- Born: 1978 (age 47–48) Victoriaville, Quebec
- Known for: Photomontage and Performance Art
- Awards: Salt Spring National Art Prize (2015)
- Website: Artist website

= Annie Baillargeon =

Canadian artist

Annie Baillargeon (born 1978) is a Canadian artist known for photomontage and performance art. A mix of "performance and relational aesthetics with new media art techniques", her work is found in the collections of the National Gallery of Canada, Canada Council for the Arts Art Bank and the Musée national des beaux-arts du Québec. Her images have also been exhibited at the Musée national des beaux-arts du Québec, Musée d'art contemporain de Montréal, Contact Photography Festival in Toronto, and at the Liverpool Biennial. A co-founder of the art action collectives, Les Fermières Obsédées (2001-2015) and Les B.L.U.S.H. (2015-), she has performed at the Musée national des beaux-arts du Québec and internationally in the United States, Ireland, Wales, Poland and Australia.
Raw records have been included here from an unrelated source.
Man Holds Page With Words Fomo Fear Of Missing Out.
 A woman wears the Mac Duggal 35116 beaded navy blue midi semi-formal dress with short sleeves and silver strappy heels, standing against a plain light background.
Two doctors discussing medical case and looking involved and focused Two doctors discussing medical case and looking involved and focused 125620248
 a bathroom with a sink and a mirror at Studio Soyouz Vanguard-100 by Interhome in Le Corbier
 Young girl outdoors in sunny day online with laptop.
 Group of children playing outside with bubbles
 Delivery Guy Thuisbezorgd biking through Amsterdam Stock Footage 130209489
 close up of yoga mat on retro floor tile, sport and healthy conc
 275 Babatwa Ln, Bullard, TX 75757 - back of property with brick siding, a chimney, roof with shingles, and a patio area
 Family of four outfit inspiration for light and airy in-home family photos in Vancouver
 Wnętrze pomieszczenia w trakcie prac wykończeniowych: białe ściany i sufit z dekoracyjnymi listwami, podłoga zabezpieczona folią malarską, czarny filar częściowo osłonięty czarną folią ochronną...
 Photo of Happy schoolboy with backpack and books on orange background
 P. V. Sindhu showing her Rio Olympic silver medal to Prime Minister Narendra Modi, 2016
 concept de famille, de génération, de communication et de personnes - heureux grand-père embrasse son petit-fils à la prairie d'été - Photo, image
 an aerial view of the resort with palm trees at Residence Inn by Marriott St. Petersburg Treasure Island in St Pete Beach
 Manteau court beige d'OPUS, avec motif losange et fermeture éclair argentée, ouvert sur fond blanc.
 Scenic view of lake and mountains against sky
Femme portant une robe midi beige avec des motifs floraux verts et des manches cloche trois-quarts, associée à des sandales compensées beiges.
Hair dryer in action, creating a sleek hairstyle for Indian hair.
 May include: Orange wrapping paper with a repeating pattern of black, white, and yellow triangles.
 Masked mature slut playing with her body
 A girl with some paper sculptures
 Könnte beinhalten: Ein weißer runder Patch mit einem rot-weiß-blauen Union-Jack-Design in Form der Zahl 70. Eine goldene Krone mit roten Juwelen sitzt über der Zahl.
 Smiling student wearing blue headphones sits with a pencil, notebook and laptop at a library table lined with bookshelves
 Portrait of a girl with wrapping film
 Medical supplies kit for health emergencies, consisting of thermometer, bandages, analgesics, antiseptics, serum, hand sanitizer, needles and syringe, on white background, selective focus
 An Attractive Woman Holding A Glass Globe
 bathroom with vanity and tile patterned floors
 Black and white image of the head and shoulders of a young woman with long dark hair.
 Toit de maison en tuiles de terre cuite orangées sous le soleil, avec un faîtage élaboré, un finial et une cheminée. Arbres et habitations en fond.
Baillargeon's photomontages are characterized by staged, sole or patterned self-portraits. As actor, set designer, and choreographer, her "kaleidoscopic" images and photographic narratives cross into performance art. Described as allegory, her work reflects feminist issues of physical violence, exploitation, and seduction, as well as the imagination, the dream, and the unconscious.

== Career highlights ==
Annie Baillargeon was born in 1978 in Victoriaville, Quebec. Interested in dance, cinema and the visual arts, in 2001 she co-founded the art-performance collective, Les Fermières Obsédées, and her first solo photographic exhibition was held at La Bande Vidéo (Québec QC). In 2005 a solo exhibition of her work was held at Gallery 44 (Toronto ON). She also performed with Les Fermières Obsédées in 2005 at the Eastern Edge Gallery (St.John's NL) and at the 2006, 7a*11d International Festival of Performance Art (Toronto ON). During this time Baillargeon participated in important art exhibitions at the Musée d'art contemporain de Montréal (2005), Musée national des beaux-arts du Québec (2008), Toronto Contact Photography Festival (2008), and the UK Liverpool Biennial (2010). In 2011 her series of "aesthetic choreographies", Emballage anatomique, was exhibited at La maison des artistes visuels francophone (Winnipeg MB) and at Galerie d'art Outremont (Montreal QC). By 2014 Baillargeon's photomontages included hand-painted lines and decorations on the surface of the prints. In a review of Les natures mortes: Épisodes de petits déclins at Galerie D'Este (Montreal), La Presse art critic Eric Clement also noted that "the narrative is now more obvious." In 2015, Baillargeon's award-winning "Les Cannibales" was exhibited in Vancouver, and the following year she participated in the exhibition In a Post-World: Post-Punk Art Now at The Invisible Dog Art Center (Brooklyn NY). In 2016-17 she created an art installation with young immigrants from the Centre communautaire Jasmine Turcotte-Vaillancourt. Interviewed in Le Devoir, Baillargeon commented: "The goal is to have fun, to remove their daily concerns and immerse them in creation." She also performed with her new collective B.L.U.S.H. at the 2016 Biennale d'art performatif de Rouyn-Noranda, while solo expositions of her work were held during the Quebec City Biennial at Bibliothèque Aliette-Marchand and at Galerie D'Este in Montreal. Baillargeon lives and works in Quebec City.

== Recognition and contribution ==
Baillargeon is recognized for both her innovative approach and the aesthetic quality of her work. Described as "choreographed gesture and luxuriant colors", art critic Guy Sioui Durand also noted that, with subtle "symbolic values", "the photographs of Annie Baillargeon 'revamp' the genre of allegory." Josianne Desloges wrote in Le Soleil that her work "borrowed both from Alice in Wonderland, unknown legends, and the disjointed visual universe of the multidisciplinary collective Les Fermières obsédées." Art critic Julie Boivon wrote that the underlying meaning in her work – "death, loss of self, helplessness" – once revealed is transformed into ornament. Describing her photomontages as "visually striking with "overwhelming detail ordered into semi-patterns" similar to Rococo Art, she also compared Baillargeon to contemporary artists Shary Boyle, Yannick Pouliot, and Wym Delvoye. For art writer Jean-François Caron, the artist's feminism aligns the body with "a multifaceted, unfixed intimacy which we see exposed, injured and manipulated". He concluded: "Annie Baillargeon's work is a call for the restitution of the individual... one must redefine oneself, reconstitute oneself, in order to recognize oneself". In 2015 she was awarded the Salt Spring National Art Prize Juror's Choice Award, and was listed for the Sobey's Art Prize in 2017.